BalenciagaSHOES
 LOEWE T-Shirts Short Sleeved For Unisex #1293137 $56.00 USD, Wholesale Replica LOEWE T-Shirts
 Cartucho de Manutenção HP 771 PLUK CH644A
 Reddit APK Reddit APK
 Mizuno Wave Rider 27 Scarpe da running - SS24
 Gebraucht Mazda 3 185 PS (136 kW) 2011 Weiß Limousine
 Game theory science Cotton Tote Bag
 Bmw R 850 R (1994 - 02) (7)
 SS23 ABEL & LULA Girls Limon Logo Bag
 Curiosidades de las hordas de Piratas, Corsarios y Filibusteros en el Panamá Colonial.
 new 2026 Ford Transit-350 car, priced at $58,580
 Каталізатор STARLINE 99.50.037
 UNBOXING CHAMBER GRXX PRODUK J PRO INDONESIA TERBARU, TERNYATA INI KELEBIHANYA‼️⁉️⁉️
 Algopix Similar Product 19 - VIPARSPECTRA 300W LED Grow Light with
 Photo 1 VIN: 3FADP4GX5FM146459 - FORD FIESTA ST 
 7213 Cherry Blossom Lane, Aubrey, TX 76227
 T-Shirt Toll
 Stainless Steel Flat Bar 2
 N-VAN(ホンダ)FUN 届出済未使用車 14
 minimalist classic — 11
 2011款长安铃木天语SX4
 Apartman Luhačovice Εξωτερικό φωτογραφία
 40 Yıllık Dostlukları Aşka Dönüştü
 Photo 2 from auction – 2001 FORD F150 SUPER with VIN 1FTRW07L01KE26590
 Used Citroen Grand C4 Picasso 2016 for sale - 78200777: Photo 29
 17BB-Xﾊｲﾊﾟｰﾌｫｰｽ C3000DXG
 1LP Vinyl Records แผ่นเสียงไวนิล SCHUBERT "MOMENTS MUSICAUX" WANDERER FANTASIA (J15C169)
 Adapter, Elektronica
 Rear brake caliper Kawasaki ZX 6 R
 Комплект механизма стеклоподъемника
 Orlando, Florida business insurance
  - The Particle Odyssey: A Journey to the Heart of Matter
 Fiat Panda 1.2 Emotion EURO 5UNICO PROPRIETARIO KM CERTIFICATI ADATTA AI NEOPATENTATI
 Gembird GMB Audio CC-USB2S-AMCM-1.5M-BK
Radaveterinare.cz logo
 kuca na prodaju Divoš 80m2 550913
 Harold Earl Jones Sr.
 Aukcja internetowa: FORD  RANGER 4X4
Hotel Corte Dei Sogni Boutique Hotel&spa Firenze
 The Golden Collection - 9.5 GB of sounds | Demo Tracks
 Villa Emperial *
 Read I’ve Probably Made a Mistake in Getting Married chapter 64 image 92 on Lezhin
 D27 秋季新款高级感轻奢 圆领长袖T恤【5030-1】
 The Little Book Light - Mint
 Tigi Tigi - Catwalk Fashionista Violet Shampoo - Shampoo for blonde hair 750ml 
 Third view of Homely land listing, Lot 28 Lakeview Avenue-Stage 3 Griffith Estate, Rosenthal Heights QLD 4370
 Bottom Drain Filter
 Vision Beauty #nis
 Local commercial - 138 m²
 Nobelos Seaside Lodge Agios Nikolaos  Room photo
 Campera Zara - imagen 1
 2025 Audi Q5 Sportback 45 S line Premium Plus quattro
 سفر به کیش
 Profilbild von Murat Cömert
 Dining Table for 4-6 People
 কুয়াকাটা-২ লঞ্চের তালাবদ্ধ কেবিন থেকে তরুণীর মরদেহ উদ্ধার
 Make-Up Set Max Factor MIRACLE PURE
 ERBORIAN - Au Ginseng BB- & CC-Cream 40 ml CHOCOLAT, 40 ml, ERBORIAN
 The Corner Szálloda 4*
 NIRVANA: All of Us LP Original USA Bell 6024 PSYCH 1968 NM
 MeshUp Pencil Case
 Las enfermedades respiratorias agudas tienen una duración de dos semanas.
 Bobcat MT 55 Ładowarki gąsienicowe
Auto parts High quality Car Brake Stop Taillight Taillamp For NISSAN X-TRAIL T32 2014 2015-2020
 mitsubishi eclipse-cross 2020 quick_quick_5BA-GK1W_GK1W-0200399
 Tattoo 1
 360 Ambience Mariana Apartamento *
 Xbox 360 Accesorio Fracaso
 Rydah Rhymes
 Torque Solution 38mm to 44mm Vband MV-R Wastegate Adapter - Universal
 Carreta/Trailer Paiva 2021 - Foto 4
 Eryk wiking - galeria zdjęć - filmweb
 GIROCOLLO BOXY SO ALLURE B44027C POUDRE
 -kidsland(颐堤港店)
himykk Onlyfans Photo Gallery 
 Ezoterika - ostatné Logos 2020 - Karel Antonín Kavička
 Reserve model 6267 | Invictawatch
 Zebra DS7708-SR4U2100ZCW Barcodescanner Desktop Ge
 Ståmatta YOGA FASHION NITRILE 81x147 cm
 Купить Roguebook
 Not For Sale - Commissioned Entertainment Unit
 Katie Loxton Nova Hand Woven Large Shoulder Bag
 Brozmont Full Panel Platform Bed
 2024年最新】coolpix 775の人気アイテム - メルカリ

======

What the task requires => Restate the records word for word, leaving nothing out.

Result =>
BalenciagaSHOES
 LOEWE T-Shirts Short Sleeved For Unisex #1293137 $56.00 USD, Wholesale Replica LOEWE T-Shirts
 Cartucho de Manutenção HP 771 PLUK CH644A
 Reddit APK Reddit APK
 Mizuno Wave Rider 27 Scarpe da running - SS24
 Gebraucht Mazda 3 185 PS (136 kW) 2011 Weiß Limousine
 Game theory science Cotton Tote Bag
 Bmw R 850 R (1994 - 02) (7)
 SS23 ABEL & LULA Girls Limon Logo Bag
 Curiosidades de las hordas de Piratas, Corsarios y Filibusteros en el Panamá Colonial.
 new 2026 Ford Transit-350 car, priced at $58,580
 Каталізатор STARLINE 99.50.037
 UNBOXING CHAMBER GRXX PRODUK J PRO INDONESIA TERBARU, TERNYATA INI KELEBIHANYA‼️⁉️⁉️
 Algopix Similar Product 19 - VIPARSPECTRA 300W LED Grow Light with
 Photo 1 VIN: 3FADP4GX5FM146459 - FORD FIESTA ST 
 7213 Cherry Blossom Lane, Aubrey, TX 76227
 T-Shirt Toll
 Stainless Steel Flat Bar 2
 N-VAN(ホンダ)FUN 届出済未使用車 14
 minimalist classic — 11
 2011款长安铃木天语SX4
 Apartman Luhačovice Εξωτερικό φωτογραφία
 40 Yıllık Dostlukları Aşka Dönüştü
 Photo 2 from auction – 2001 FORD F150 SUPER with VIN 1FTRW07L01KE26590
 Used Citroen Grand C4 Picasso 2016 for sale - 78200777: Photo 29
 17BB-Xﾊｲﾊﾟｰﾌｫｰｽ C3000DXG
 1LP Vinyl Records แผ่นเสียงไวนิล SCHUBERT "MOMENTS MUSICAUX" WANDERER FANTASIA (J15C169)
 Adapter, Elektronica
 Rear brake caliper Kawasaki ZX 6 R
 Комплект механизма стеклоподъемника
 Orlando, Florida business insurance
  - The Particle Odyssey: A Journey to the Heart of Matter
 Fiat Panda 1.2 Emotion EURO 5UNICO PROPRIETARIO KM CERTIFICATI ADATTA AI NEOPATENTATI
 Gembird GMB Audio CC-USB2S-AMCM-1.5M-BK
Radaveterinare.cz logo
 kuca na prodaju Divoš 80m2 550913
 Harold Earl Jones Sr.
 Aukcja internetowa: FORD  RANGER 4X4
Hotel Corte Dei Sogni Boutique Hotel&spa Firenze
 The Golden Collection - 9.5 GB of sounds | Demo Tracks
 Villa Emperial *
 Read I’ve Probably Made a Mistake in Getting Married chapter 64 image 92 on Lezhin
 D27 秋季新款高级感轻奢 圆领长袖T恤【5030-1】
 The Little Book Light - Mint
 Tigi Tigi - Catwalk Fashionista Violet Shampoo - Shampoo for blonde hair 750ml 
 Third view of Homely land listing, Lot 28 Lakeview Avenue-Stage 3 Griffith Estate, Rosenthal Heights QLD 4370
 Bottom Drain Filter
 Vision Beauty #nis
 Local commercial - 138 m²
 Nobelos Seaside Lodge Agios Nikolaos  Room photo
 Campera Zara - imagen 1
 2025 Audi Q5 Sportback 45 S line Premium Plus quattro
 سفر به کیش
 Profilbild von Murat Cömert
 Dining Table for 4-6 People
 কুয়াকাটা-২ লঞ্চের তালাবদ্ধ কেবিন থেকে তরুণীর মরদেহ উদ্ধার
 Make-Up Set Max Factor MIRACLE PURE
 ERBORIAN - Au Ginseng BB- & CC-Cream 40 ml CHOCOLAT, 40 ml, ERBORIAN
 The Corner Szálloda 4*
 NIRVANA: All of Us LP Original USA Bell 6024 PSYCH 1968 NM
 MeshUp Pencil Case
 Las enfermedades respiratorias agudas tienen una duración de dos semanas.
 Bobcat MT 55 Ładowarki gąsienicowe
Auto parts High quality Car Brake Stop Taillight Taillamp For NISSAN X-TRAIL T32 2014 2015-2020
 mitsubishi eclipse-cross 2020 quick_quick_5BA-GK1W_GK1W-0200399
 Tattoo 1
 360 Ambience Mariana Apartamento *
 Xbox 360 Accesorio Fracaso
 Rydah Rhymes
 Torque Solution 38mm to 44mm Vband MV-R Wastegate Adapter - Universal
 Carreta/Trailer Paiva 2021 - Foto 4
 Eryk wiking - galeria zdjęć - filmweb
 GIROCOLLO BOXY SO ALLURE B44027C POUDRE
 -kidsland(颐堤港店)
himykk Onlyfans Photo Gallery 
 Ezoterika - ostatné Logos 2020 - Karel Antonín Kavička
 Reserve model 6267 | Invictawatch
 Zebra DS7708-SR4U2100ZCW Barcodescanner Desktop Ge
 Ståmatta YOGA FASHION NITRILE 81x147 cm
 Купить Roguebook
 Not For Sale - Commissioned Entertainment Unit
 Katie Loxton Nova Hand Woven Large Shoulder Bag
 Brozmont Full Panel Platform Bed
 2024年最新】coolpix 775の人気アイテム - メルカリ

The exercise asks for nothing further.